Alarm systems can also be used to monitor environmental conditions which can help ensure plant safety. More obvious sensors like smoke and carbon monoxide detectors can be integrated within a system; but additionally, sensors that monitor temperature and the presence of water, which can trigger the system in the case of a flood or broken heating system. And, as many state laws require, alarm systems can include panic buttons that act as an easy trigger in case of a robbery.
Like video monitoring systems, alarm systems can be remotely monitored from any computer or smartphone, so even if a security manager is moving from site to site he can always have a finger on the pulse of the operation.
Going Beyond Compliance
Implementing and managing a robust security and surveillance system may seem inherent in meeting the criteria of a state's compliance standards for operating a cannabis business. According to experts, however, going above and beyond what you think you may need is the only surefire way to protect this highly targeted and vulnerable business.

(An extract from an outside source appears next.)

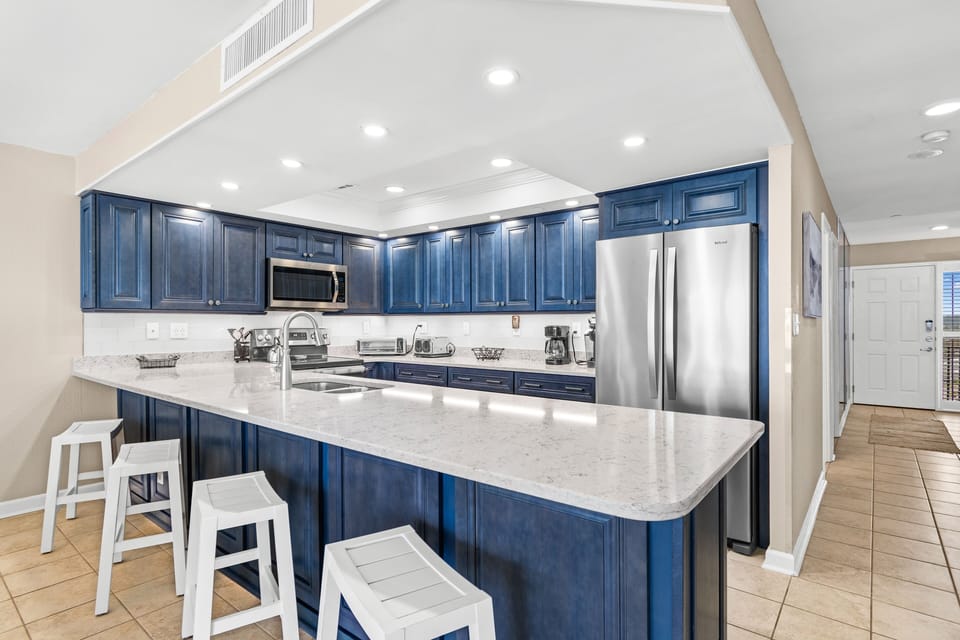 You'll love cooking in this spacious kitchen with rich navy cabinets, marble counters, and modern appliances—plus bar seating for casual meals.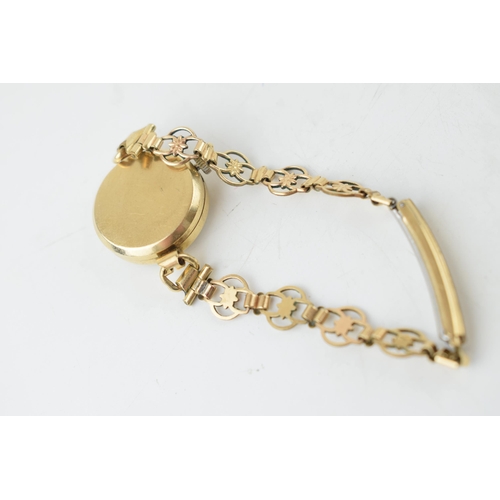 363 - 9ct gold wristwatch, not working, on a rolled gold bracelet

“What the state needs to get your doors open is probably not what you want in real life in the all-cash cannabis business,” says Noah Stokes, founder and CEO of CannaGuard Security in Oregon.
As long as there are disparities between local, state and federal laws, the cannabis industry will continue to have a target on its back from both criminals and authorities alike. Dealing in cash and a product that's easy to move with a high street value makes the cannabis industry one of the most unique in the United States. But, as industry trends have indicated, the risk that comes from cannabis is worth the reward. Taking the proper security precautions help minimize that risk.